-- Supplied records follows --
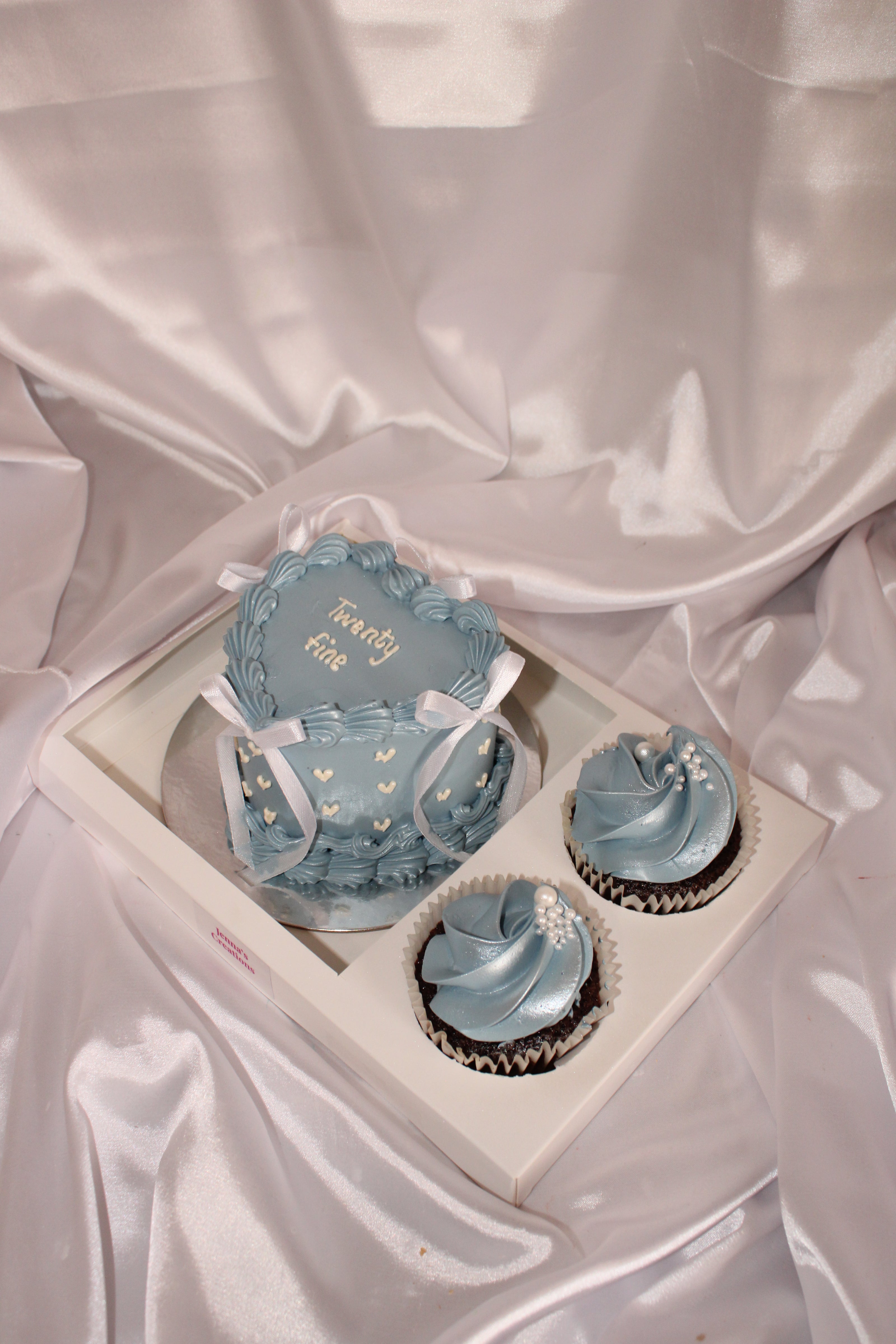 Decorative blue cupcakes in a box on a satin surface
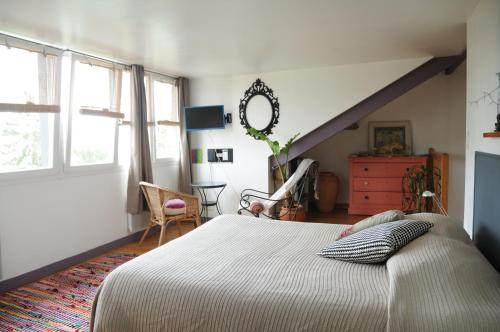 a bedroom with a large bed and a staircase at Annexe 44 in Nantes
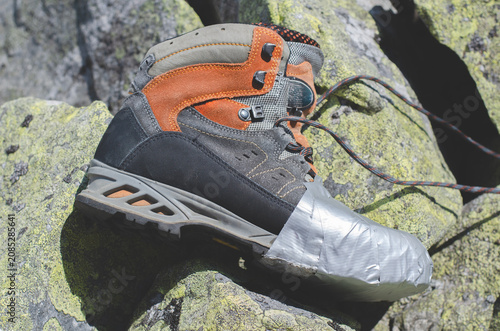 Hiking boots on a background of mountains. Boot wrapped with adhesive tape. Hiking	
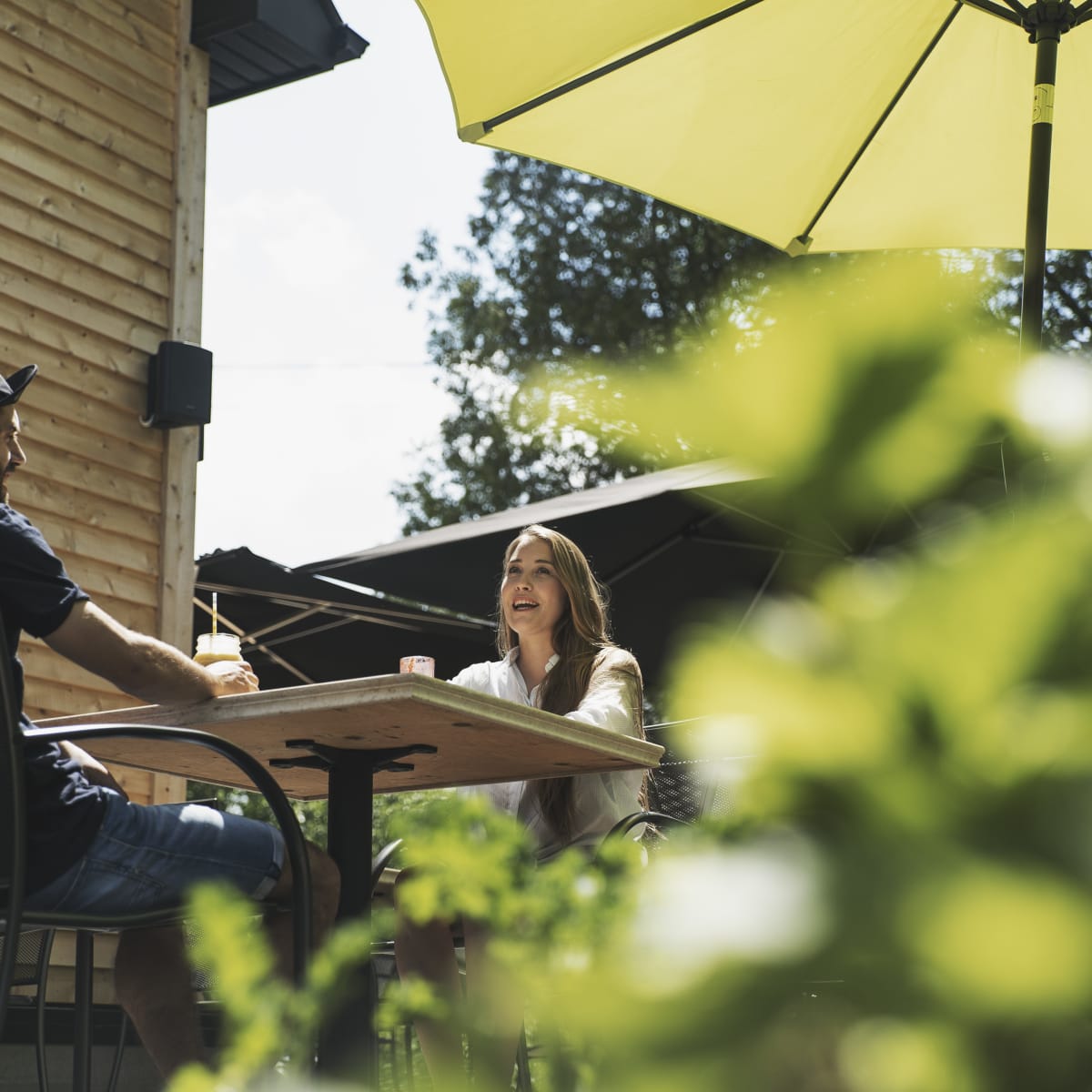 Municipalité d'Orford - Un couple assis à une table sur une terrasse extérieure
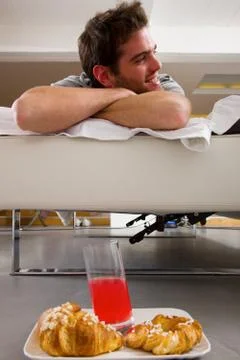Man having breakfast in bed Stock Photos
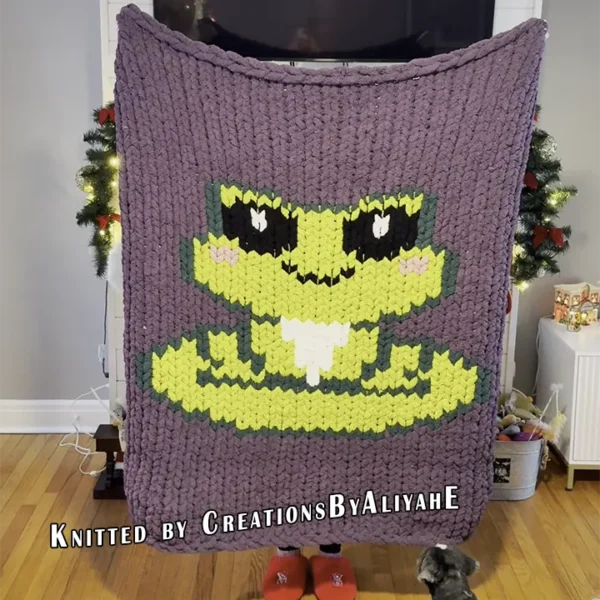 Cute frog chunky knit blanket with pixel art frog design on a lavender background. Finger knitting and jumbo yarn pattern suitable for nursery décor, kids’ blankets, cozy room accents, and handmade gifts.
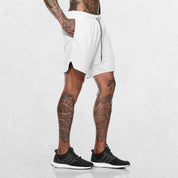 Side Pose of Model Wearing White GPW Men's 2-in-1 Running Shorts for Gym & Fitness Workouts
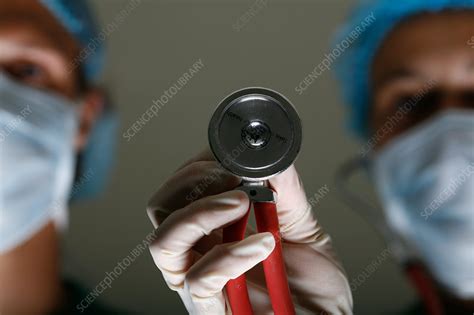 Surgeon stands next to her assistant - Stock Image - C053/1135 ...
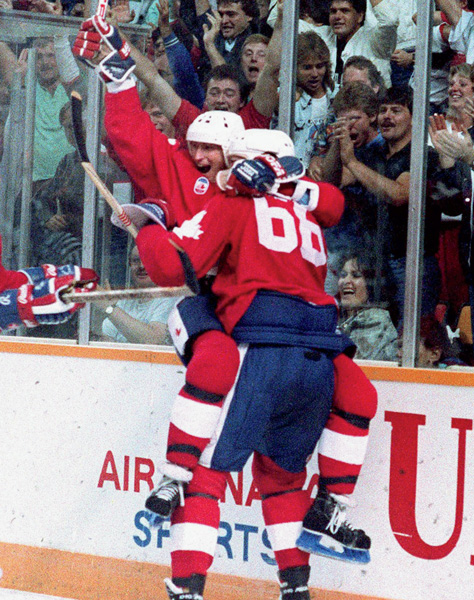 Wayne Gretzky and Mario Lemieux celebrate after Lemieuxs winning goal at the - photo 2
-- Supplied records concluded --
Transcription of the lines from the one with "Man having breakfast in bed Stock Photos" through the end of the entries is required, exact and with no pictures.

Man having breakfast in bed Stock Photos
 Cute frog chunky knit blanket with pixel art frog design on a lavender background. Finger knitting and jumbo yarn pattern suitable for nursery décor, kids’ blankets, cozy room accents, and handmade gifts.
 Side Pose of Model Wearing White GPW Men's 2-in-1 Running Shorts for Gym & Fitness Workouts
 Surgeon stands next to her assistant - Stock Image - C053/1135 ...
 Wayne Gretzky and Mario Lemieux celebrate after Lemieuxs winning goal at the - photo 2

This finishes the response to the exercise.